Exercise instructions: Below are some entries. Repeat exactly the lines from the one with "Original ECF5ED6E F576" through the one with "300 St Paul", and only those.

Input material:
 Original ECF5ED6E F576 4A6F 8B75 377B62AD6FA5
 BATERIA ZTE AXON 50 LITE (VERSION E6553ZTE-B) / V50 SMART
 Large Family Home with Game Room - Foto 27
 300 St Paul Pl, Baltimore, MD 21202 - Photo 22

---

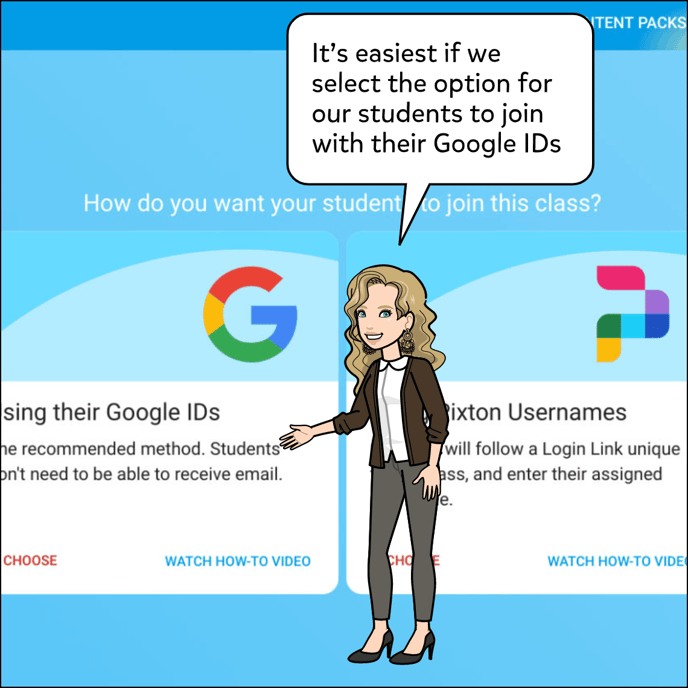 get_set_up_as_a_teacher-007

Your response:
 Original ECF5ED6E F576 4A6F 8B75 377B62AD6FA5
 BATERIA ZTE AXON 50 LITE (VERSION E6553ZTE-B) / V50 SMART
 Large Family Home with Game Room - Foto 27
 300 St Paul Pl, Baltimore, MD 21202 - Photo 22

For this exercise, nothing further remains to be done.